— WORK TO BE COMPLETED —
Exactly reproduce the lines from the one holding "Rogobete, despre mâncarea" through the end of the records, including both boundary lines but no pictures.

— Dataset entries —
:::::

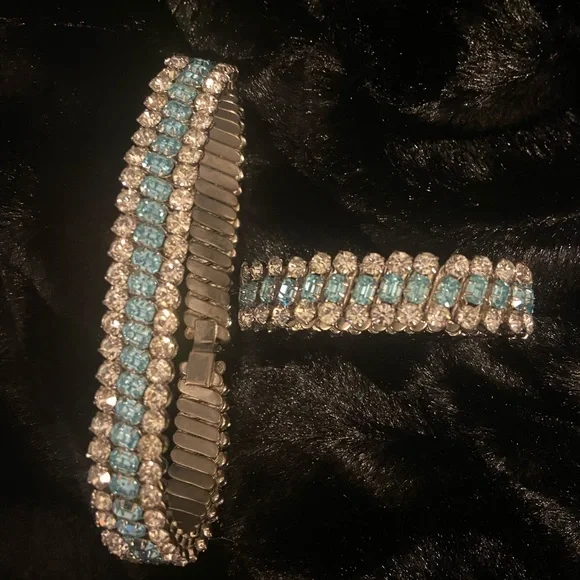 Vintage Light Blue Rhinestone Choker Necklace & Bracelet Set look @ the video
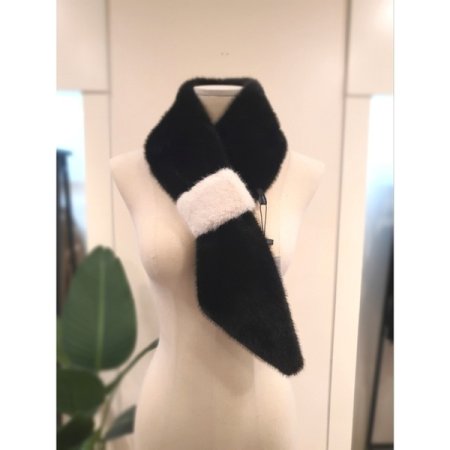 에코 C퍼 머플러 아이보리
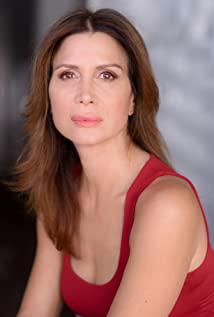 Lara Daans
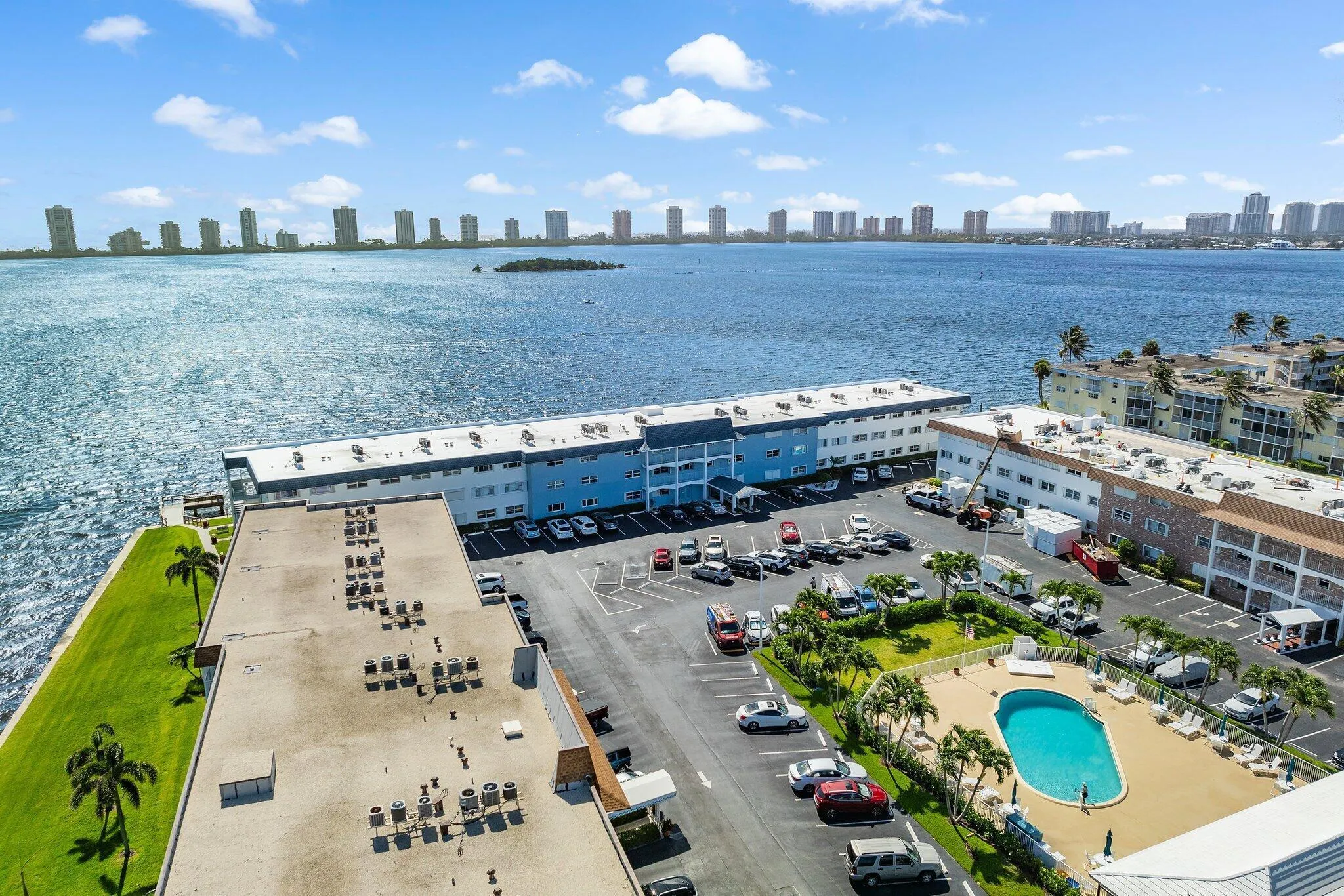 033-100ShoreCt-105-NorthPalmBeach-SMALL
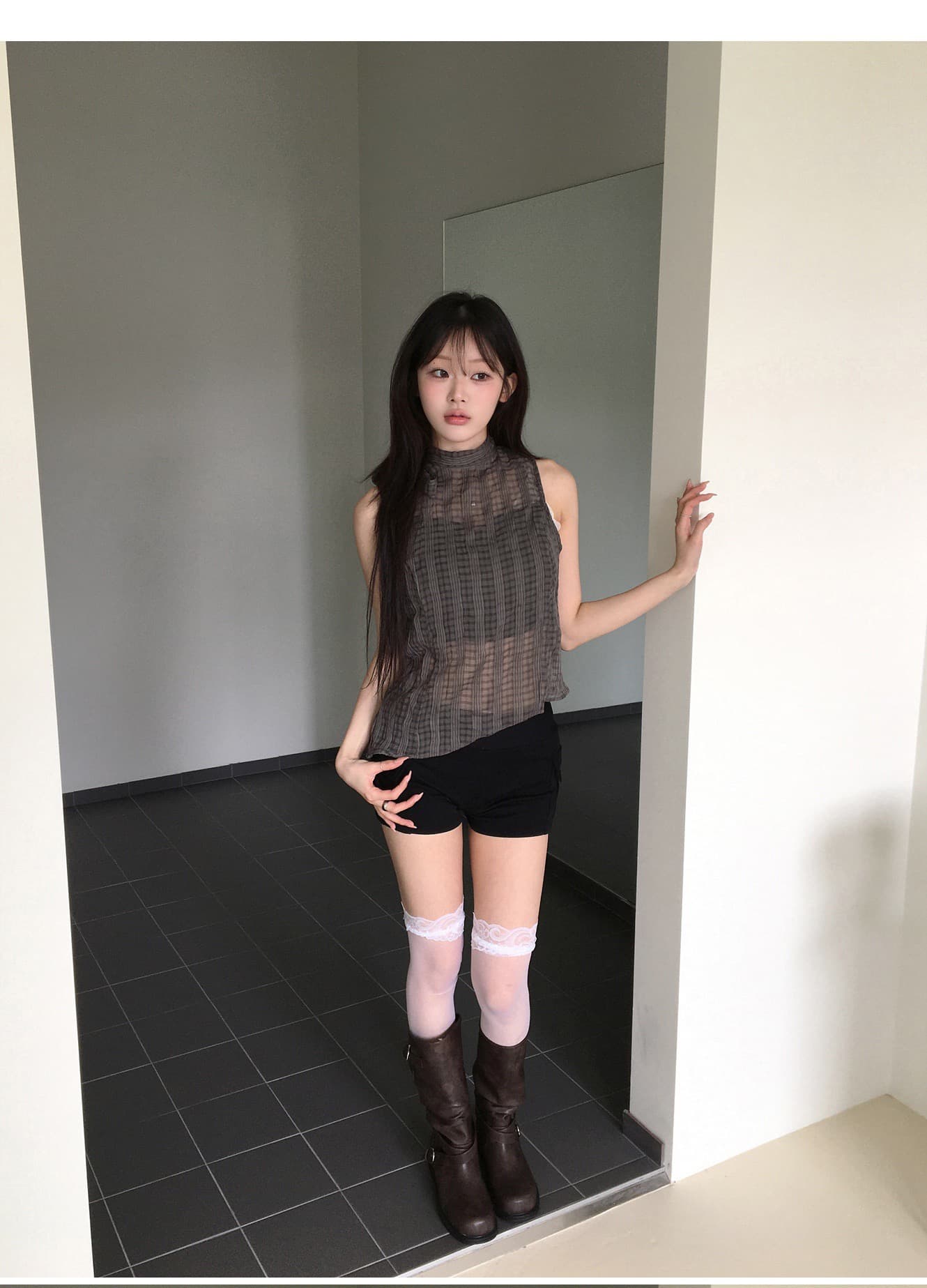 재고 있음 한국 ins 레트로 스탠드 칼라 행침 목 나비 매듭 스트랩 질감 센스 주름 체크무늬 민소매 셔츠 상세 이미지 10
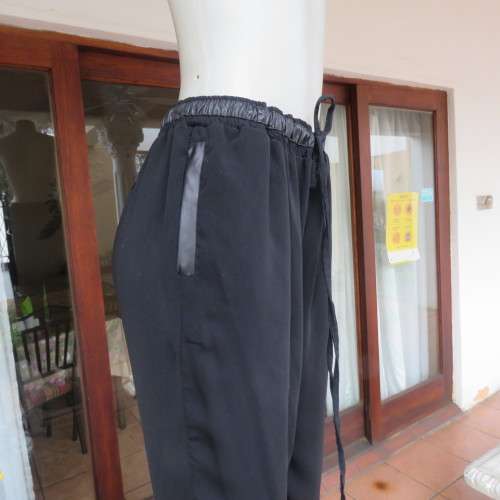 Unique soft polyester pants with elasticated waist/leg cuffs and drawstring. Side pockets.Size 40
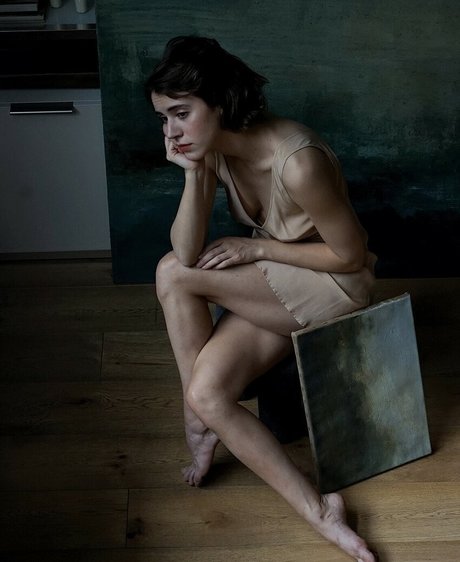 Tessa Ia アダルトモデル 写真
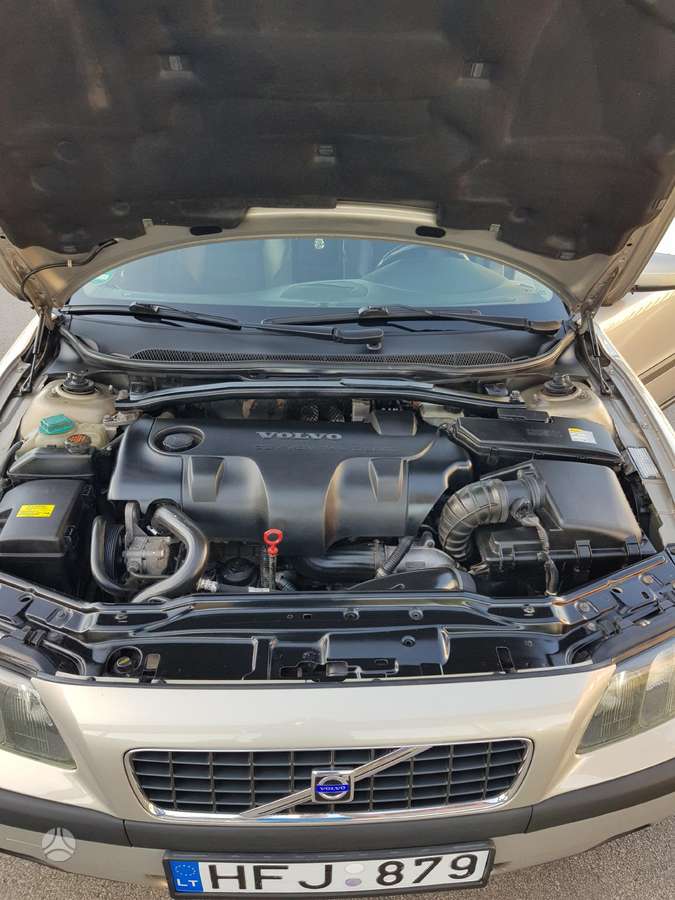 Volvo S60, 2.4 l., Седан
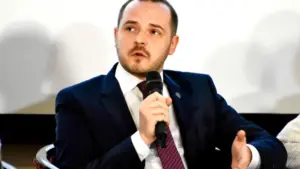 Rogobete, despre mâncarea din spitale: Voi sta la masă cu managerul spitalului şi vom mânca amândoi din acea porţie pe care o servesc pacienţilor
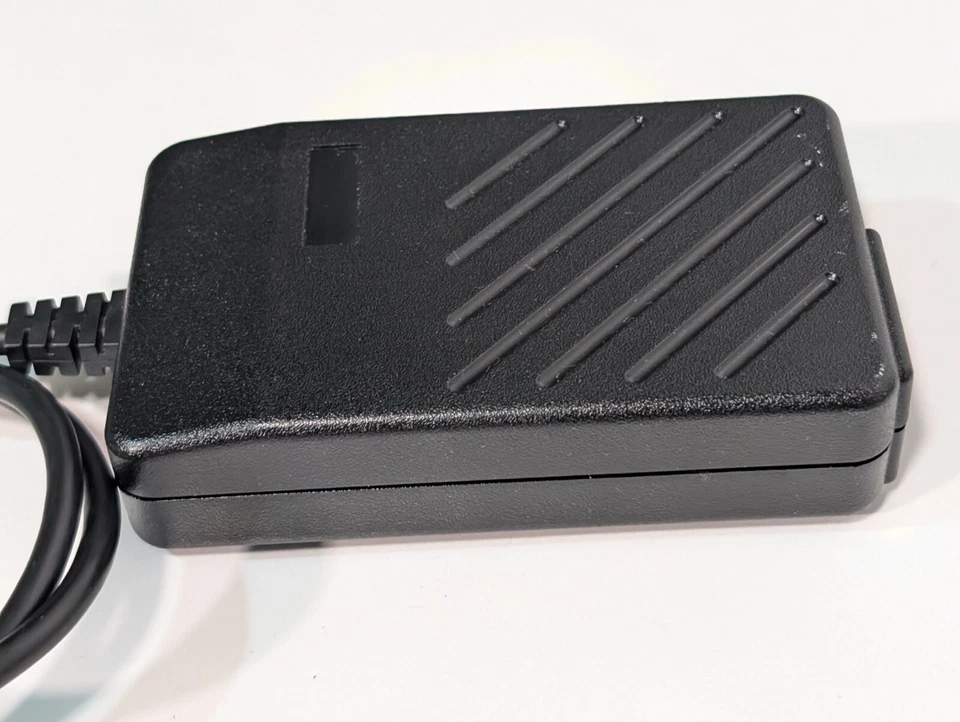 Adaptador universal de CA/CC GE 2018859-001 ICC ELECTRONICS, fuente de alimentación 3610 OEM Foto 2 de 4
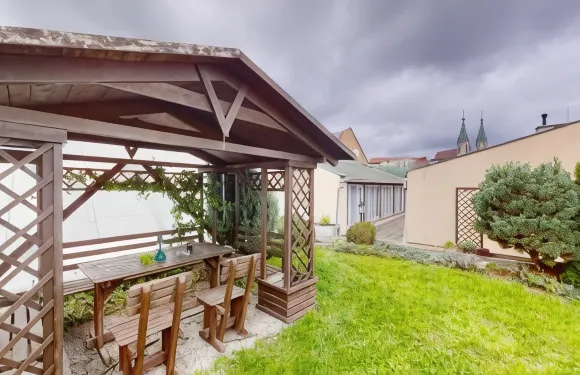 克羅梅日什公寓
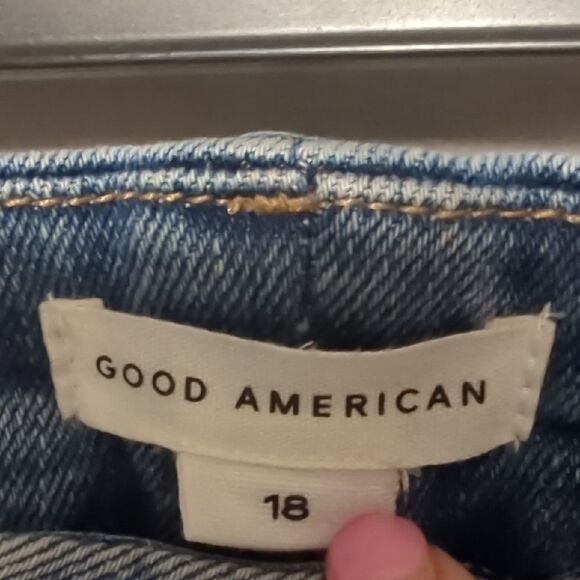 Good American Blue Ankle Cropped Distressed Jeans - Picture 2 of 7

:::::

— RESPONSE —
 Rogobete, despre mâncarea din spitale: Voi sta la masă cu managerul spitalului şi vom mânca amândoi din acea porţie pe care o servesc pacienţilor
 Adaptador universal de CA/CC GE 2018859-001 ICC ELECTRONICS, fuente de alimentación 3610 OEM Foto 2 de 4
 克羅梅日什公寓
 Good American Blue Ankle Cropped Distressed Jeans - Picture 2 of 7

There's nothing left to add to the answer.